I find the https://taxact.com/tools/tax-calculator calculator easier to use than the one posted up thread. You can skip straight to the income tab. Click the additional income button to see where you add qualified/non-qualified dividends, short/long term capital gains and taxable IRAs (which is how you would simulate roth conversions). Playing around with that (and looking at the tax brackets) should give you a good idea of how various forms of income interact with the tax brackets.
That's tool is not easy either. I don't see anywhere to put in LT cap gains. Anyway, I'm really hoping to understand how this works rather than just see a total tax number spit out.
I explained how to do that. See the bolded section of my quote above. Yes, don't use it to put it numbers and see what it spits out. Use it to change numbers and see what happens. Add $1000 to one of the income types and see what happens to your tax liability. Although, messing around with your example below, the calculator seems to be adding higher deductions than it should, and I'm not sure why, so maybe better not to rely on it. It might be broken.
The top of the 15% bracket for single filers is actually $37,950, and that's after the $6350 standard deduction and $4050 personal exemption. To hit the "real" top of the 15% bracket you'd need to bring in $48,350 in some form of income. See https://taxfoundation.org/2017-tax-brackets
Got it, okay. I was confused by the AGI talk earlier in the thread. So let's use the $48,350 cutoff moving forward as the beginning of the 25% regular income tax rate and 15% long-term cap gains rate.
I can have plenty of regular income. I have ~$80k in my Trad IRA I could convert, so it won't be a problem to get near that $48,350 figure.
I think the $37k is probably from when I mentioned the savers tax credit above. It's another limit you may wish to stay under if you would like to get that credit (worth $200, $400, or $1000 off your taxes depending on what income limit you stay under), but if you want to maximize roth conversions and capital gains harvesting, then you should just ignore this and worry only about the tax brackets.

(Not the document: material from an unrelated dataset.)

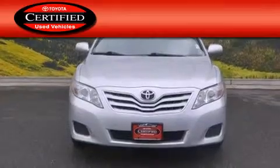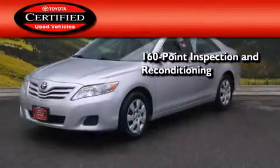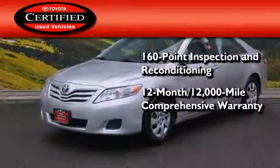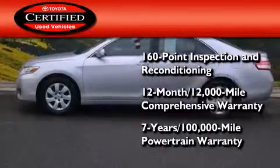Toyota's certification includes a 160-point inspection and an extensive reconditioning process, plus a 3-month, 3,000-mile comprehensive warranty, and a 7-year, 100,000-mile powertrain warranty.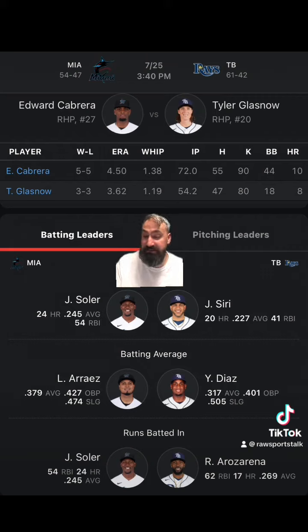The Marlins are 2-8 in their last 10, losing to the Cardinals 6-4, then back-to-back games to the Rockies 6-1 and 4-3, and then they beat the Rockies 3-2.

Given those assumptions you would pay 15% on the amount of "regular" earned income over the 10% bracket, and 0% on the capital gains assuming they are long term capital gains.

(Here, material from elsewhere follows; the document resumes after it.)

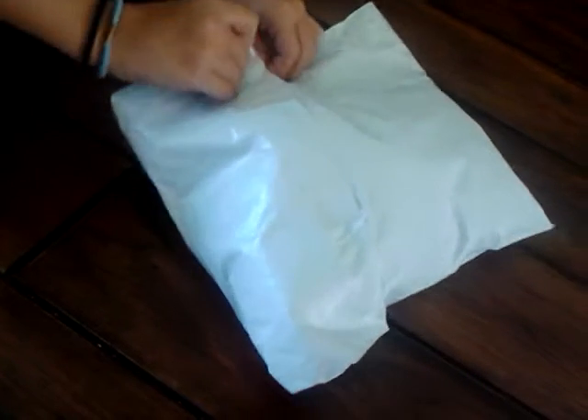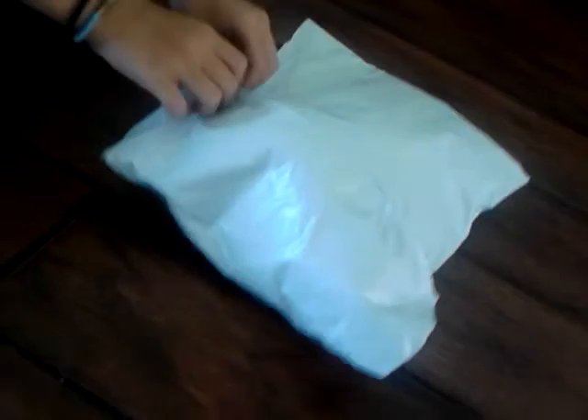Today we're going to be opening the Airedale Terrier. Just open it — you'll find out. Oh, look how cute this is! He's nice and warm too. Look at this thing! Airedale Terrier.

How's that work exactly? Here's the question again with our new numbers:
$46,350 regular income
$5,000 in long-term capital gains
1. What percentage of regular income is taxed at the 15% marginal rate (or less) versus the 25% marginal rate?

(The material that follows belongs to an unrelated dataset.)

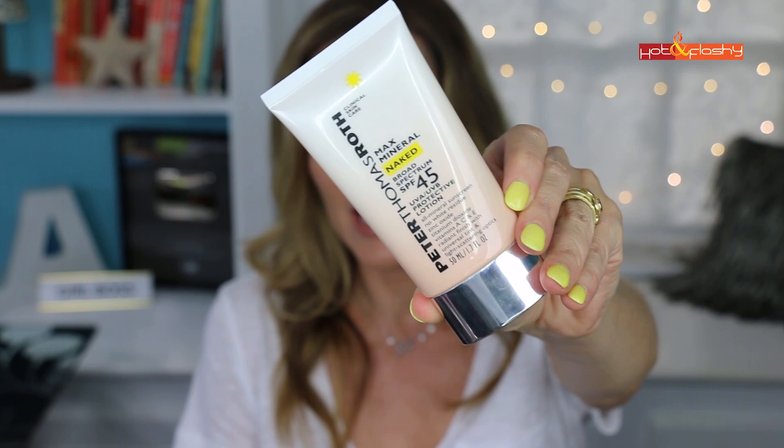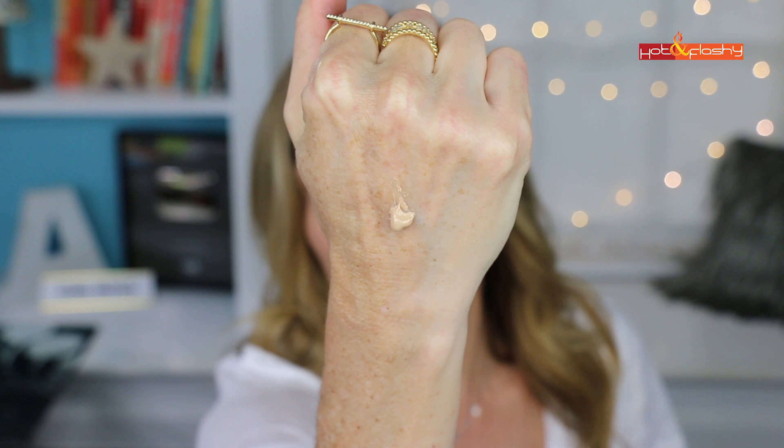Now the fail: the Peter Thomas Roth Max Mineral Naked SPF 45 Sunscreen with 19.24% zinc oxide. It's a thicker cream with a tint that might not work for very dark or very light skin. What I liked was that it went on feeling lightweight and lotiony and was clear on the skin with no white cast. Problem: even after 20 minutes of dry-down, it still felt greasy and heavy, and it was so shiny — literally like someone was shining a spotlight on me. I will not be investigating it further.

2. What percentage of long-term capital gains income is taxed at the 0% marginal rate versus the 15% rate? And why?
1. I'm not going to figure out percentages, but $10,400 ($6350 standard deduction + 4050 personal exemption) will not be taxed. The next $9,325, so income between $10,400 and $19,725 will be taxed at 10% for a total of $932.50. Then the next $37,950, or income between $19,725 and $48,350, so the final $26,625 would be taxed at 15% for a total of $3,993.75. $2000 of your $5000 long term capital gains would then fall within the 15%, and $3000 within the 25% bracket, so $3000 would be taxed at 15% for a total of $450. 932.50 + 3,993.75 + 450 = total tax due of $5,376.25.
2. See question 1. $2000 is taxed at 0% because it falls within the 15% bracket, $3000 is taxed at 15% because it falls within the 25% bracket.